Why self‑host in the first place?

• Control: Your data stays on your hardware.
• Customization: Configure services how you want.
• Reliability: Avoid vendor lock‑in.

If you’re new to the concept of VPNs, start with What Is a VPN?.

The threat model most people ignore

The average self‑hoster isn’t being targeted by a nation‑state. The real risks are opportunistic scans, default passwords, and unpatched services. Your goal is to make your box a terrible target for drive‑by attacks.

The risk of open ports

Classic self‑hosting guides say: “forward port 443 to your server.” That works, but it exposes your box to the entire internet. A safer default is to not expose anything publicly unless you must.

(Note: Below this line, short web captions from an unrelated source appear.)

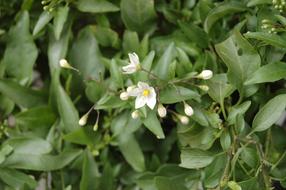 Garden white flower and green leaves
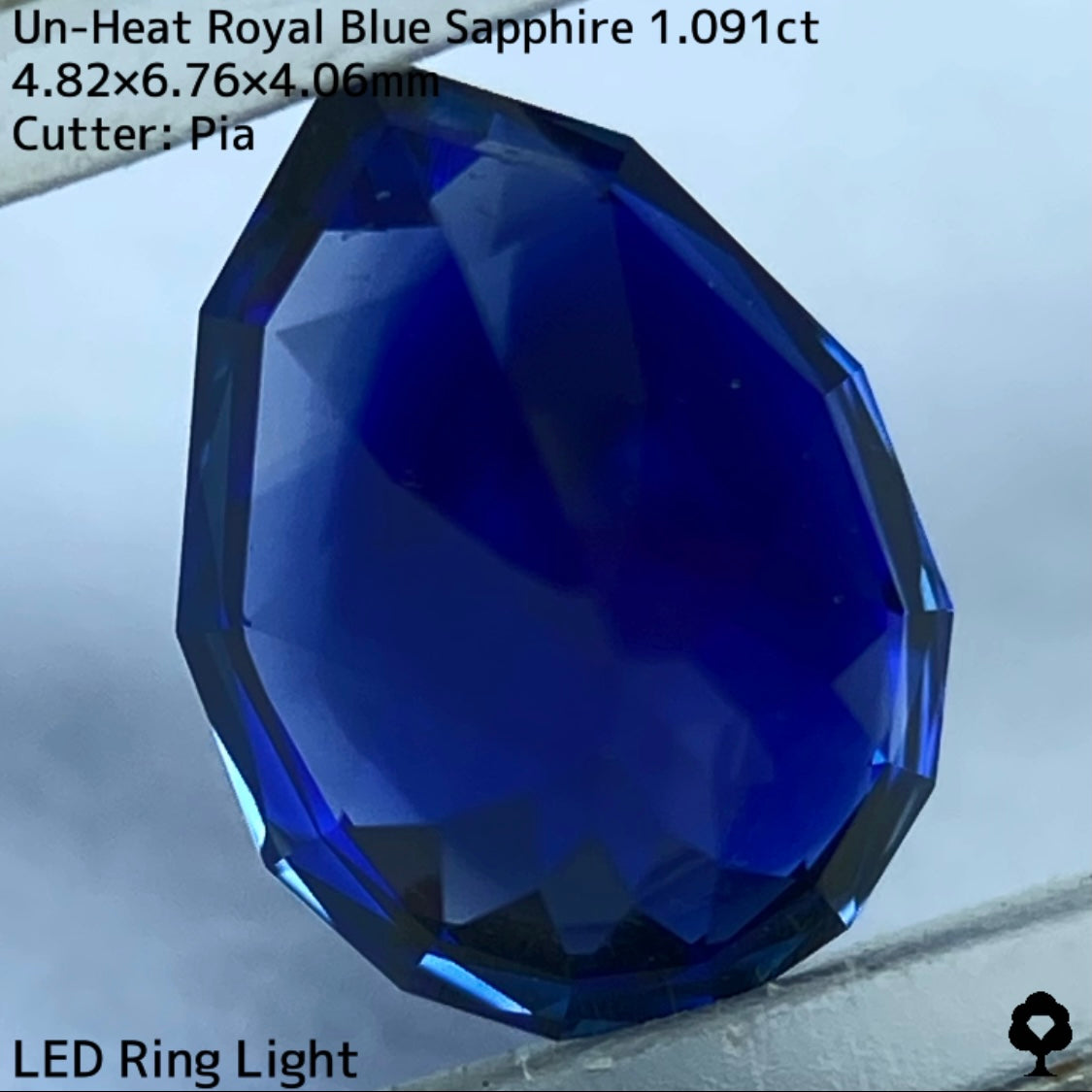 Royal Blue sapphire 1.091ct Sri Lanka IRMO.JP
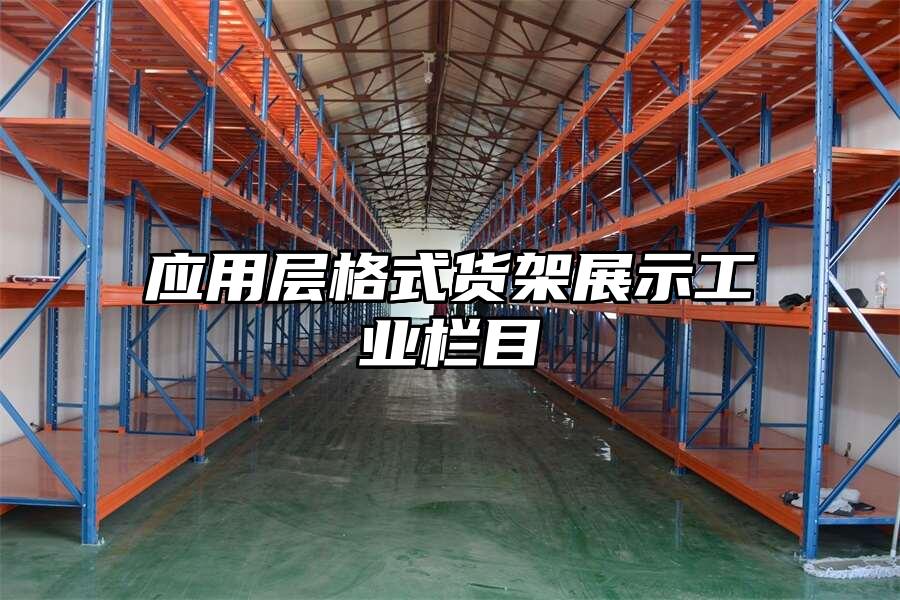 應用層格式貨架展示工業(yè)欄目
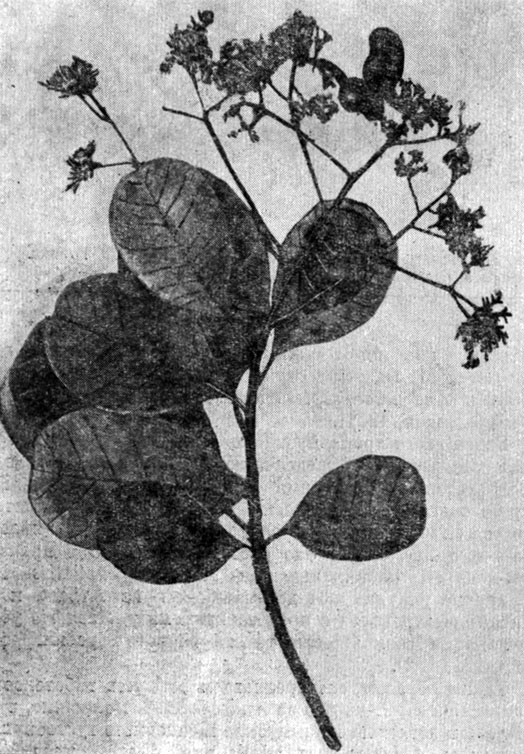 Рис. 119. Anacardium occidentale L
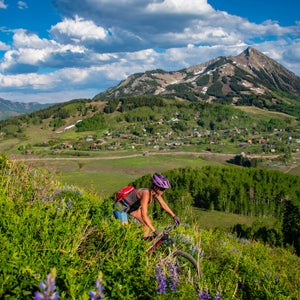 Snodgrass Trail, Crested Butte, Colorado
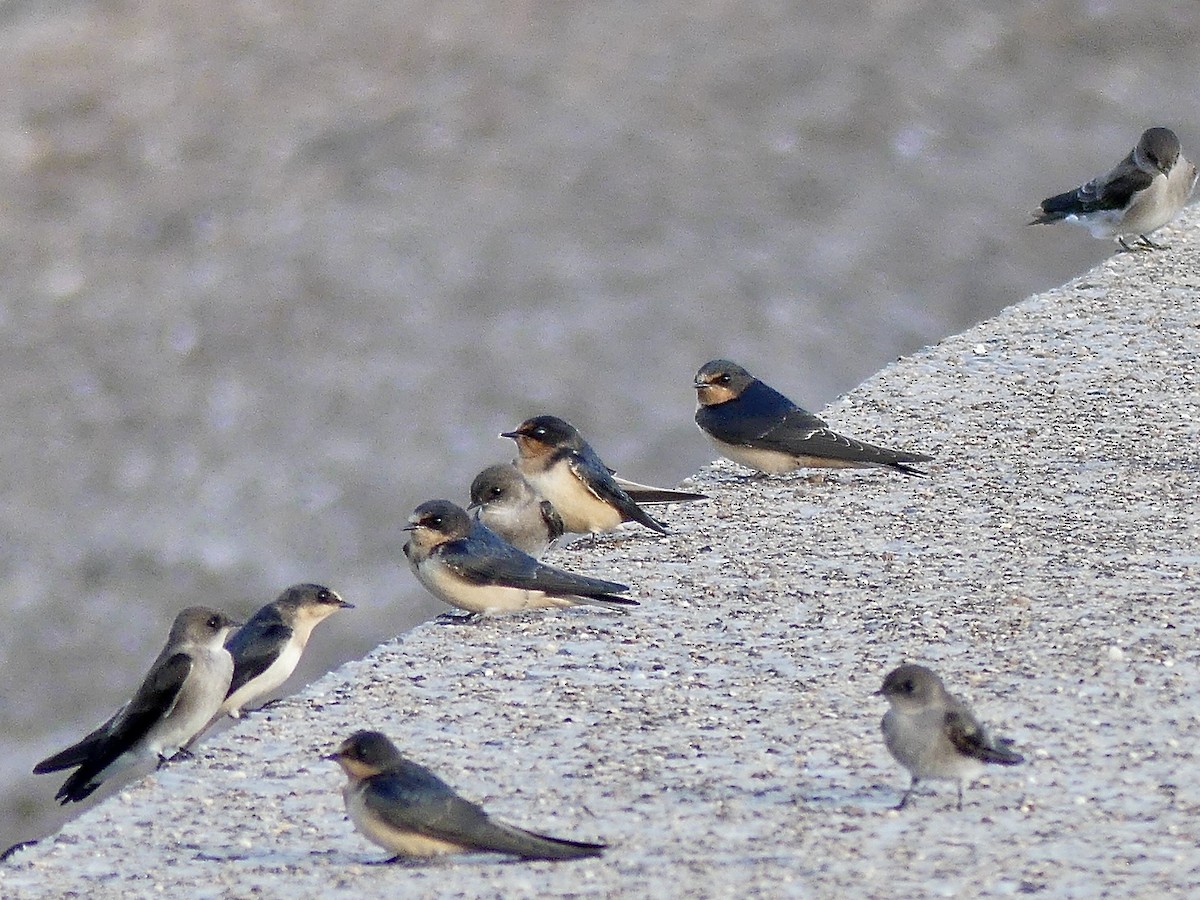 Barn Swallow - ML642828655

If you’re unfamiliar with the term, port forwarding is essentially poking a hole through your router’s NAT.

If you do open ports, you’ve moved from “private” to “internet‑facing.” That’s when you need stronger patching discipline, monitoring, and rate‑limiting.

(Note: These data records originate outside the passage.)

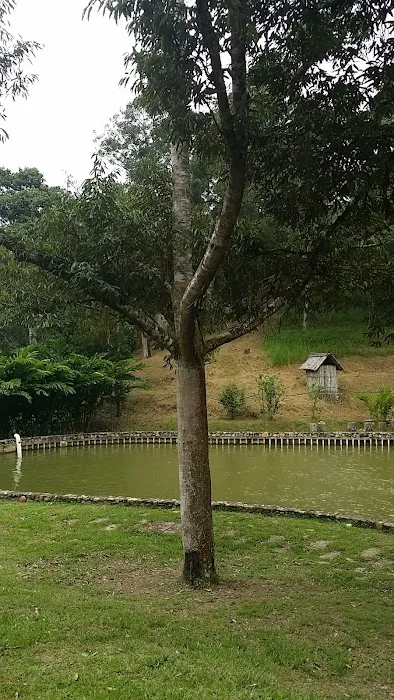 Serai Caravan Villa Picture 8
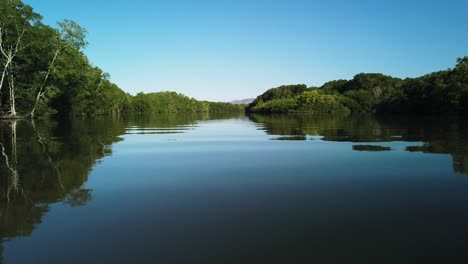 Drohnenaufnahme-Aus-Der-Luft:-Langsames-Fliegen-über-Einen-Ruhigen-Fluss-Mit-Erstaunlich-Sauberem-Wasser,-Umgeben-Von-üppiger-Vegetation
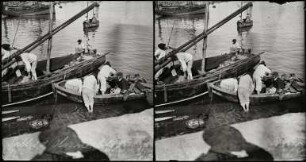 Les Sables-d'Olonne. Sardinenfischer im Hafen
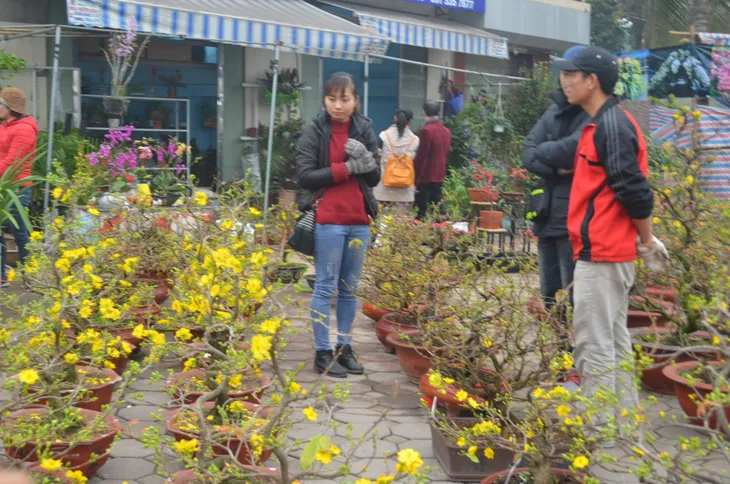 Chợ hoa Hoàng Hoa Thám rực rỡ, náo nhiệt ngày cận Tết - Ảnh 4. Chợ hoa Hoàng Hoa Thám rực rỡ, náo nhiệt ngày cận Tết - Ảnh 4.
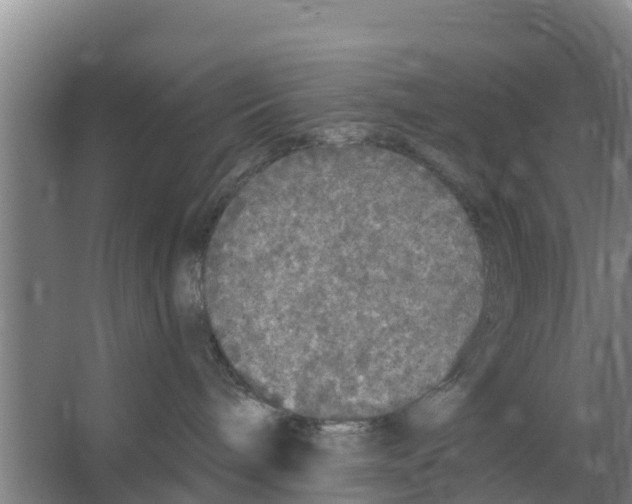 X0000066530240200604141848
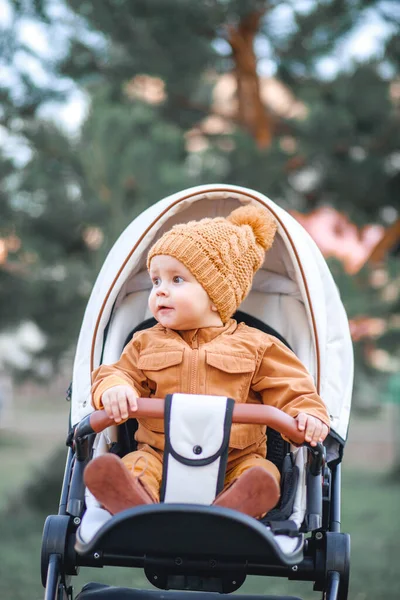 Cute little beautiful one year old boy sitting in a stroller and waiting for his mother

The Tailscale pattern (private by default)

Tailscale gives you:

• Encrypted access between your devices
• Identity‑based access control (people, groups, tags)
• Zero port forwarding for private services

This makes home services feel like they’re “on the same Wi‑Fi,” even when you’re across the world.

The biggest win is that your services aren’t visible to the public internet at all. Most automated scans never even see the box.

A practical setup flow

1) Install Tailscale on your server

For Debian/Ubuntu-based systems:

curl -fsSL https://tailscale.com/install.sh | sh
sudo tailscale up

For other distributions, check the Tailscale install guide. You can also run the daemon in a container if you prefer Docker-only setups (more on that shortly).

Verify the connection:

tailscale status
# Should show your device and any others on your tailnet

2) Install Tailscale on your laptop/phone

Sign in with the same identity provider to join the tailnet. You can download clients from tailscale.com/download for macOS, Windows, iOS, and Android.

3) Turn on MagicDNS

This gives you friendly hostnames (e.g., media.tailnet) instead of IPs. Enable it in the Tailscale admin console under DNS settings.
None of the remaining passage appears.